The Himalaya over millennia has hosted deities, rishis, hunters, shepherds, cultivators, pilgrims, and mountaineers, but in our heavily polluted age today, its overarching benevolence is almost narrowing to the last gasp, as the luxury of breathing in rejuvenating mountain air and drinking the elixir of mountain streams shrinks. One literary talent who perceived the crucial link between inspiration and the benefits of breathing mountain air was Hari Dang, who forcefully endorsed the traditional Indic feeling of reverence for the range.
Attuned to life’s poetry, Hari Dang as climber, shikari and educator, at the Doon School, Dehra Dun, St. Paul’s, Darjeeling, and the Air Force School, New Delhi, was an inspiration to over a generation of students, whom he encouraged to question received wisdom and embrace the challenge of the outdoors. His outgoing personality tended to conceal the lyrical sensitivity revealed in Himalayan Rapture; this selection of their father’s writings published by his sons comes as a welcome riposte to the disdainful attitude of eminent Victorian surveyors concerned more for imperial prestige than Indian veneration.
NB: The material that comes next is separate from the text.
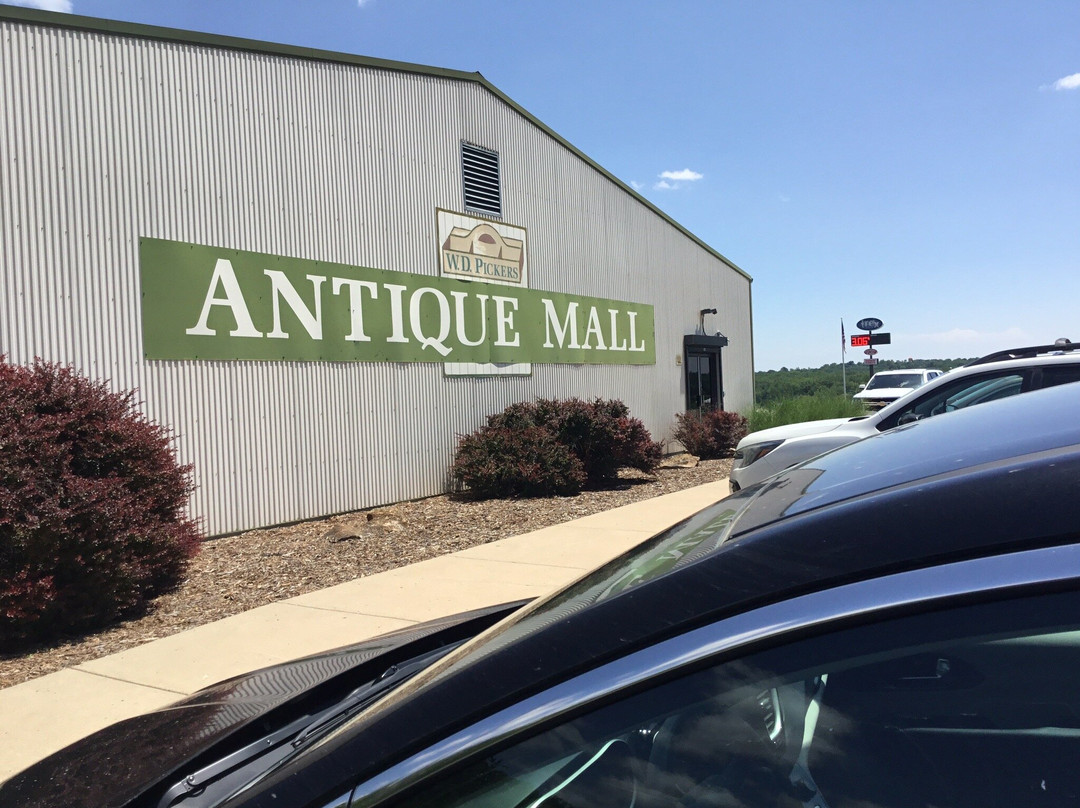 W D Pickers Antique Mall-Platte City必去景点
Himalayan Rapture helps clarify the conundrum why rich and worldly successful careerists, at grave risk to their lives, fight their way grimly to an exposed summit for a moment of epiphany, the reward that comes from picking up what the author calls ‘the last terrestrial gauntlet…to find the fulfilment that rides the high air.’ This stirring summons is a reminder of how the Himalaya to the subcontinental imagination is much more than a barrier that prevents the monsoon clouds from escaping. As the archetypal bridge linking heaven and earth by which the blessings of the Ganga descend, the high Himalaya stands also as a symbolic staircase to the gods which even a king’s dog—if his master proves faithful—may ascend.
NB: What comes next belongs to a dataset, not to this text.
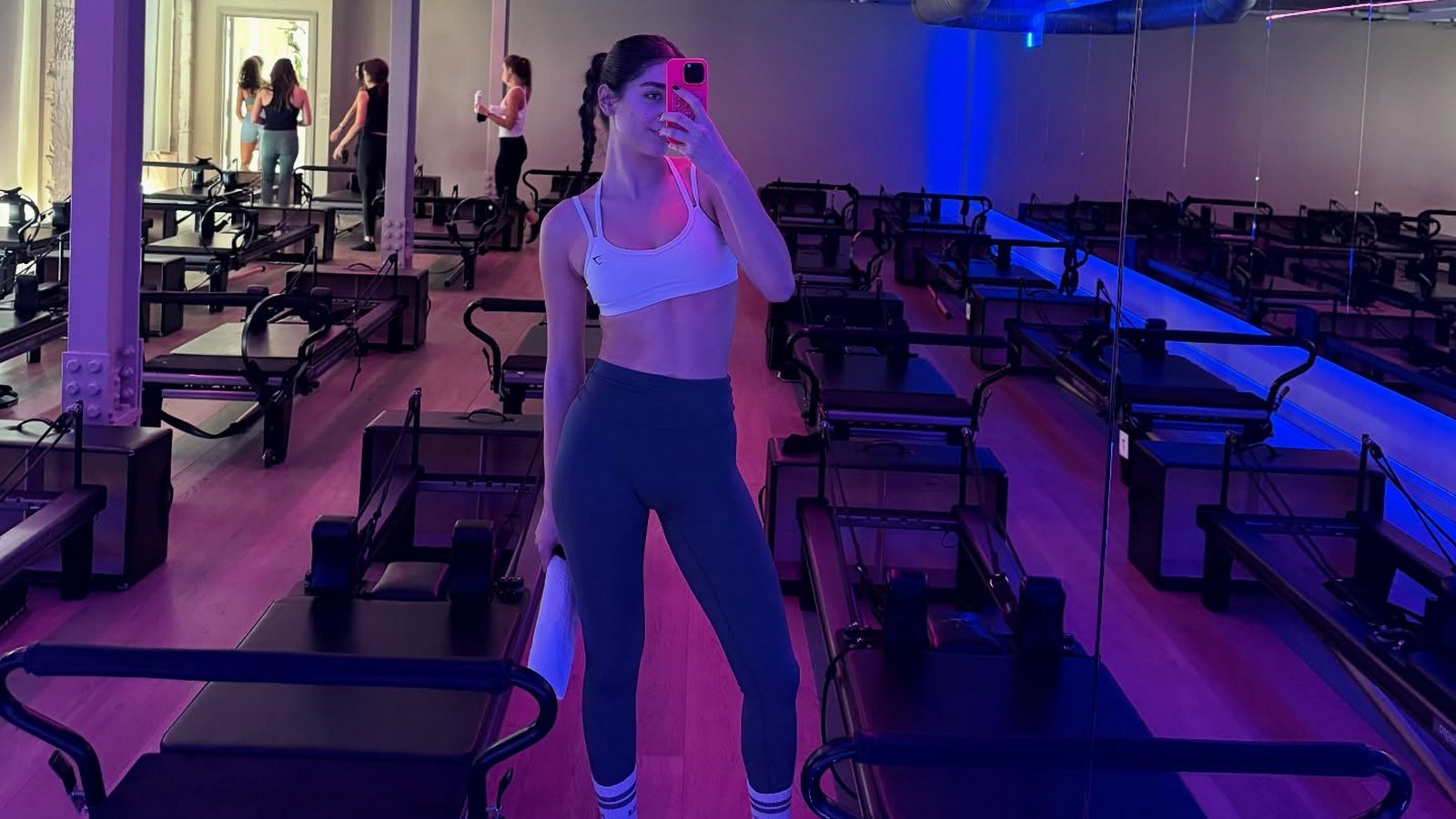 Μελίνα Νικολαΐδη: Φωτογραφίες από τη νέα καθημερινότητά της στο Λονδίνο – Τα posts της, γεμάτα από cozy στιγμές και λαμπερές χριστουγεννιάτικες γωνιές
That high mountain masses do exert a measurable force surprised Himalayan surveyors who had to compensate for their distorting effect. Hari Dang re-states the Himalaya’s power of attraction to such effect that having earlier deplored the absence of a pen that did justice to the intangible mystique of the range (by spelling out the secret of its timeless appeal), Himalayan Rapture announces that pen has arrived and it is Hari Dang’s own. As a forthright ideologist, his writings sprinkled with quotations from the poets—Coleridge and Wordsworth were both mountaineers—acquire a near visionary tone that offers further insights on the charged meeting of men with mountains recorded by William Blake.